Alla sbarra racconta che la scomparsa del giovane boss potrebbe essere dovuta al fatto che, anni prima, avesse commissionato a Romano Monachelli l’omicidio di Mimmo Pipitone, figlio di Antonino, reggente della famiglia mafiosa dell’Acquasanta. Per convincerlo gli aveva fatto credere che Pipitone senior fosse responsabile del delitto del padre, Cesare Romano Monachelli, morto nel 1973. Un omicidio per il quale, però, a essere processato e poi condannato era stato Giovanni Pitarresi, capo della famiglia mafiosa di Bolognetta, rilasciato dopo un paio di anni a causa dell’omicidio, a processo in corso, dell’unico testimone che lo accusava di quel delitto. L’omicidio di Mimmo Pipitone viene sventato dai Fontana, ma perché nessuno fa niente nei confronti del presunto mandante? È un tormentone, questo, portato avanti con tenacia dalla difesa, che ha sempre puntato a scardinare l’attendibilità dei pentiti e di questo racconto in particolare. Possibile che la mafia dell’Acquasanta non reagisca?

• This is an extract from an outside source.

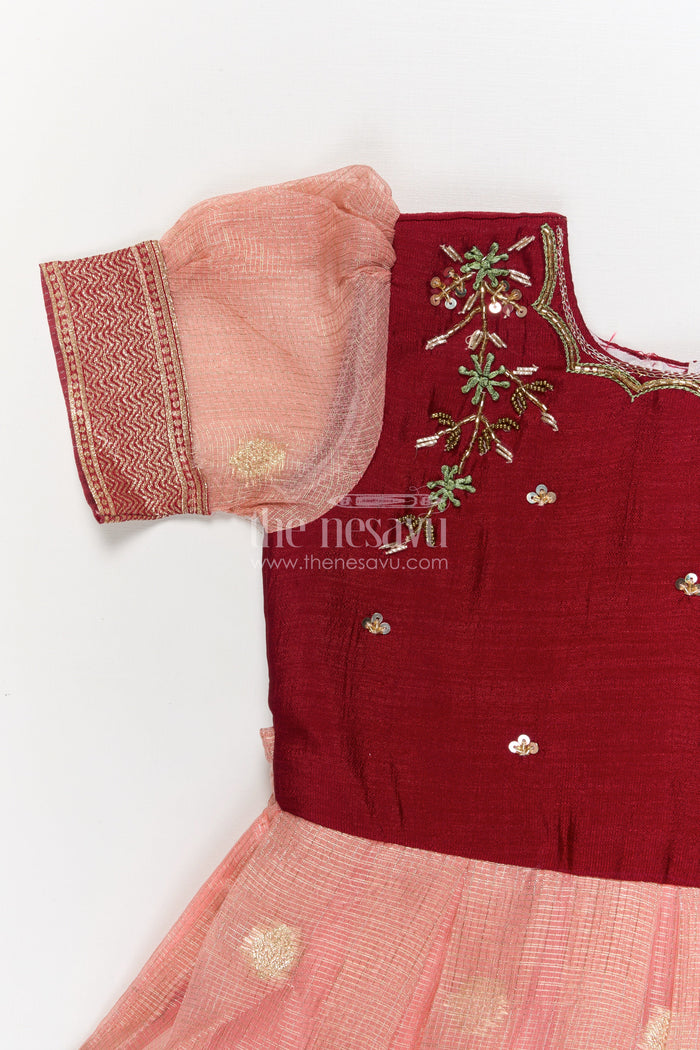The Nesavu Silk Party Frock Silk Party Frock for Baby Girls for Birthday and Traditional Events Nesavu Nesavu silk frock for baby girls with traditional woven pleats and floral embroidery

Insieme ad Angelo, però, c’è anche il nipote Gaetano Fontana, nel ’95 poco più che ventenne. È l’unico collaboratore, lui, ritenuto «genuino e coerente» dalla difesa. «Non significa che siccome è un condannato per mafia tutto quello che esce dalla sua bocca siano solo menzogne», precisa in aula l’avvocato Salvatore Pirrone, legale con l’avvocato Angelo Barone dell’imputato. Ma nell’elenco dei pentiti ci sono anche Vito Galatolo, Maurizio Spataro – in passato autista personale di Giovanni Bonanno – e, il più recente, Giuseppe Tantillo. Un delitto, quello dei due coniugi, sviscerato in ogni suo dettaglio e controdettaglio. Anche tra ieri e oggi, durante l’arringa finale e le repliche del procuratore generale Giuseppe Fici, momenti durante i quali sono riaffiorate le storiche tensioni a cui le due parti ci avevano abituati durante le udienze passate.

Resta nebuloso, invece, il movente, che potrebbe ricollegarsi all’attività di spaccio dei Romano Monachelli nella piazza di Borgo Vecchio. Attività per le quali i due fratelli, Natale e Filippo, finiscono in galera nel 1985 insieme alla madre Giovanna Vitale. Che la vittima, a causa della sua tossicodipendenza, avesse contratto qualche debito di troppo? Intanto, per le motivazioni del giudice Biagio Insacco si dovranno aspettare 90 giorni, dopodiché la palla passerà alla Cassazione. Soddisfazione da parte dell’avvocato di parte civile Lorenzo Marchese, che rappresenta Maria Correra, madre di Elena Lucchese: «Sono contento per la signora, so quanto ha sofferto in questi anni».